Items listed in a dataset:
───

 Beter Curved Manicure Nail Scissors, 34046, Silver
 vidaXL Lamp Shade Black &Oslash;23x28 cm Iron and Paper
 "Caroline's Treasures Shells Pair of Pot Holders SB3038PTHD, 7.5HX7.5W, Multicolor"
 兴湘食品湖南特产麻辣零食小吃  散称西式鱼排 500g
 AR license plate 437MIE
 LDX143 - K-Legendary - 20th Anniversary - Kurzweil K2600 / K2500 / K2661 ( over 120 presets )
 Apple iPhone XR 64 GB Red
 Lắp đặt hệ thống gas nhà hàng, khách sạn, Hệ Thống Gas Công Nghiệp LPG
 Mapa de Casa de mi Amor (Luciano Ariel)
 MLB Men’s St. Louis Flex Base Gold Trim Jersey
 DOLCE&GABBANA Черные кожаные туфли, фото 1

───

→ **TASK OBJECTIVE**
The required output is the line holding "MLB Men’s St." plus every line after it in the data, reproduced exactly.

→ **RESPONSE TO THIS TASK**
 MLB Men’s St. Louis Flex Base Gold Trim Jersey
 DOLCE&GABBANA Черные кожаные туфли, фото 1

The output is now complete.